When documenting an exclusion in Bicep or Terraform, always include:
- Justification: why the false positive occurs (e.g., "JWT contains base64 payload matching SQLi pattern")
- Compensating control: what other security control makes this safe (e.g., "JWT validated server-side, never rendered as HTML")
- Review date: when this exclusion should be reviewed (e.g., "review when upgrading from OWASP CRS 3.2 to 3.3")
Key Takeaways
Never disable WAF entirely to fix a false positive. Switching to Detection mode is acceptable for diagnosis, but Prevention must be restored. Disabling WAF to fix a false positive trades a user-facing 403 for unchecked inbound attacks.
The minimum exclusion principle. Scope every exclusion to the narrowest combination of match variable, selector, and path.
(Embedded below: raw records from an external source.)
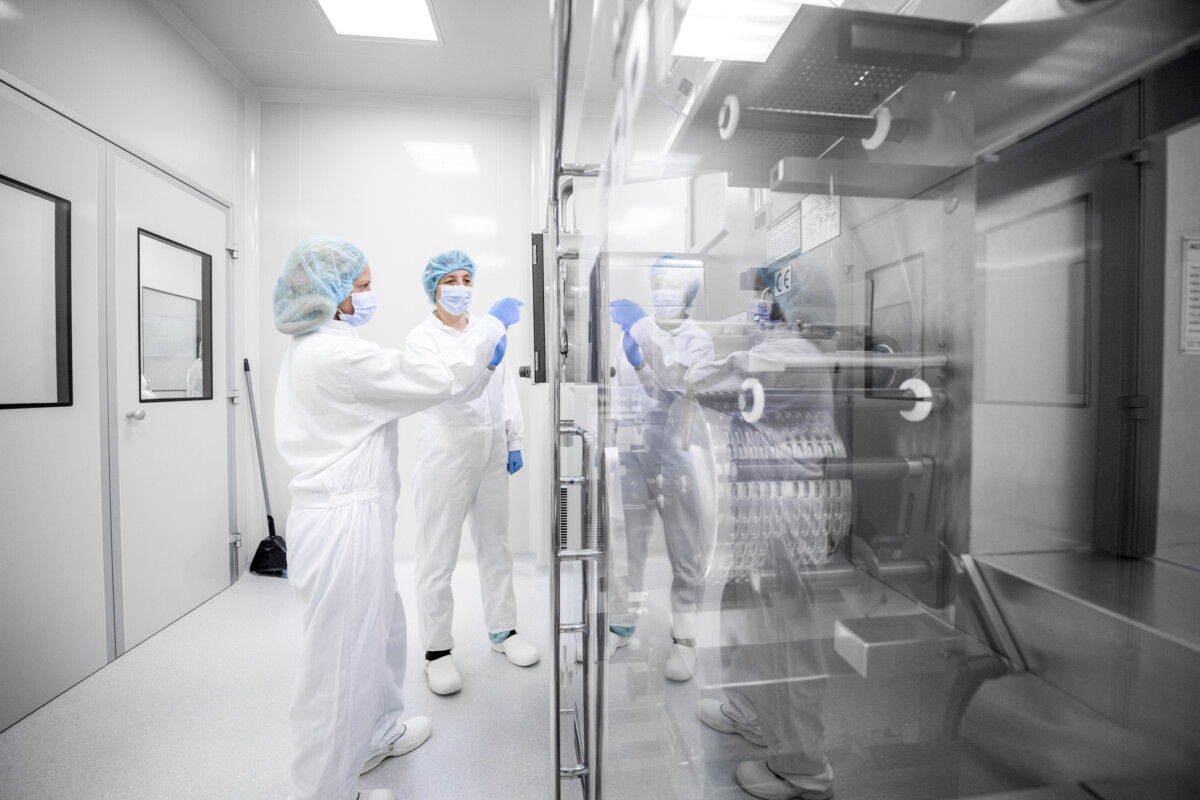 female scientists employees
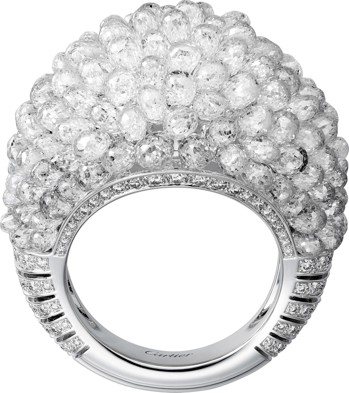 WHITE ACHILLE 鑽石戒指，鉑金鑲嵌水滴形切割鑽石與明亮式切割鑽石，850萬元。圖／卡地亞提供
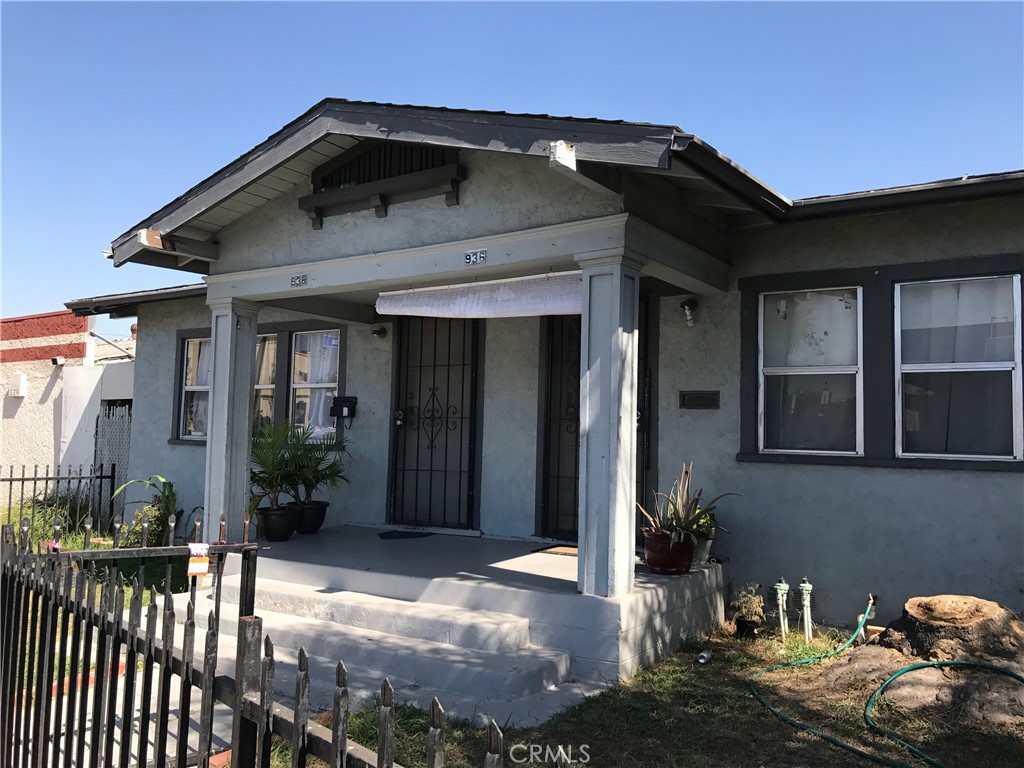1100 E 10th Street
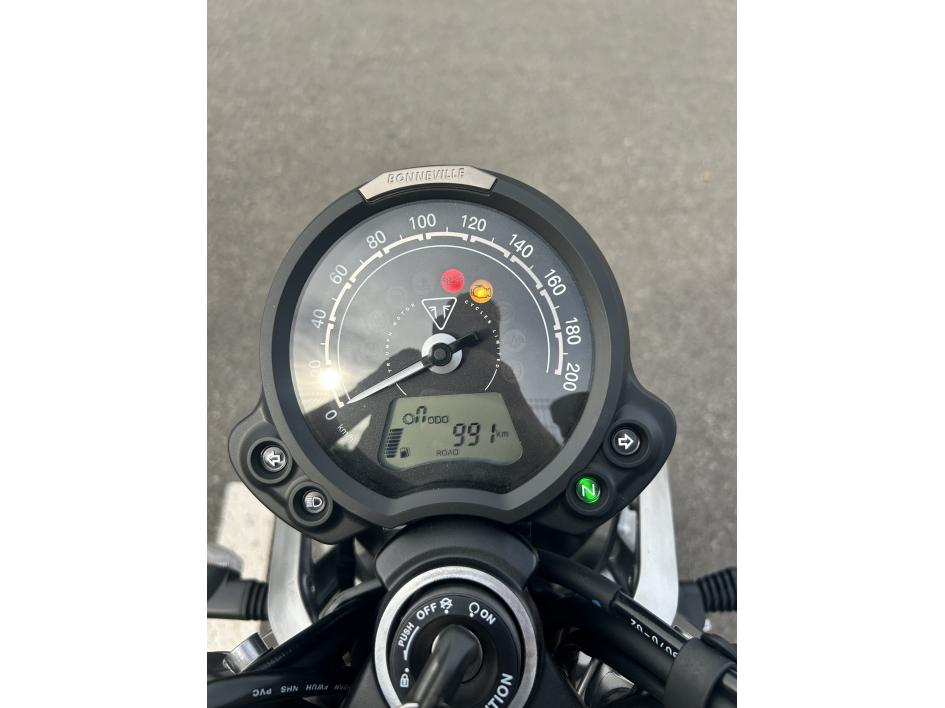 TRIUMPH STREET TWIN  900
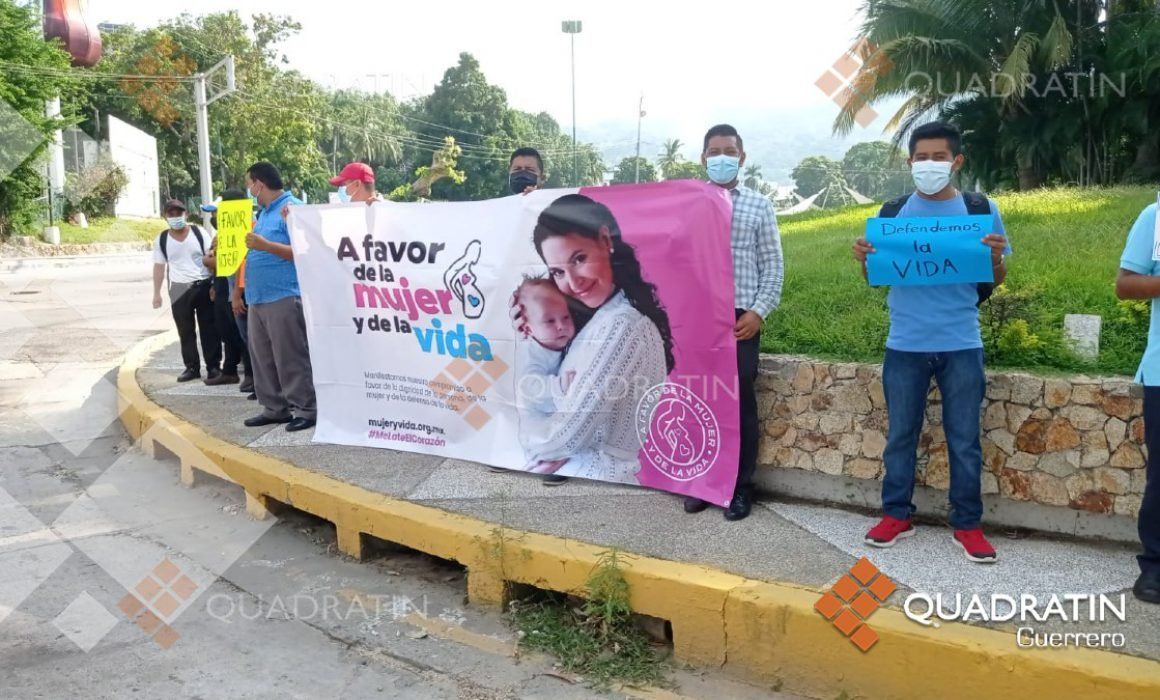Hombres protestan simultáneamente contra el aborto en Acapulco 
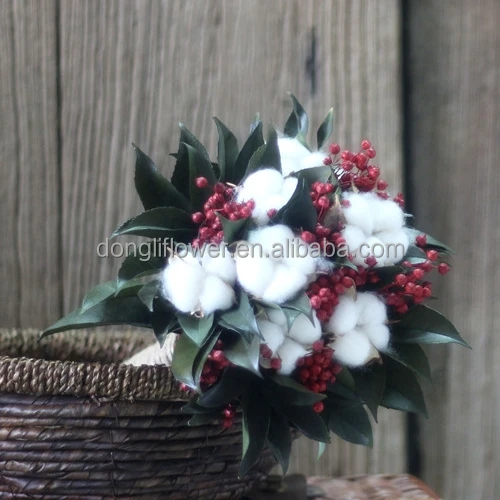 Dried Cotton Ball Natural Flax Red Bean and Preserved Gardenia Leaves Hand-hold Bridal Bouquets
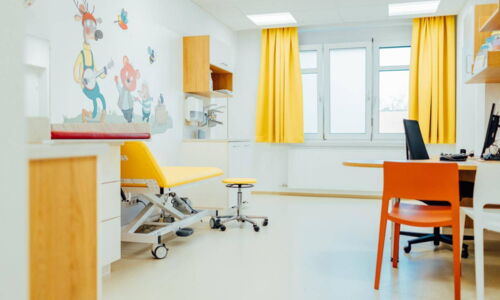 Ein freundlicher, in der Farbe gelb gehaltener Praxisraum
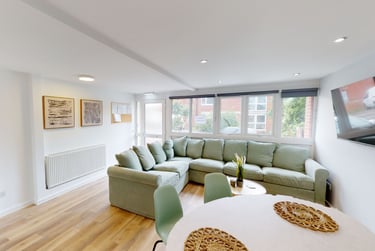 6 bed house, Yew Tree Close, Mount Pleasant, Exeter, EX45EH - Image 2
RequestArgNames Equals qis better thanRequestArgNames StartsWith any.Reproduce before excluding. If you can't reproduce the false positive in a test environment with the same request, you don't fully understand what WAF is reacting to. An exclusion based on guesswork may miss the actual trigger or exclude too broadly.
Codify exclusions in IaC immediately. A WAF exclusion applied only through the portal will be lost on the next Terraform/Bicep apply. The exclusion exists to allow legitimate traffic — losing it means users get blocked again unexpectedly.
Rule set upgrades need their own deployment window. Upgrading from CRS 3.1 to 3.2 or from DRS 2.0 to 2.1 is not a zero-risk change. Treat it as a deployment that needs Detection mode observation and a rollback plan.
Log retention matters. WAF logs are critical for post-incident diagnosis. Set Log Analytics retention to at least 30 days. If you're in a regulated industry, extend to 90+ days and consider exporting to storage for long-term archival.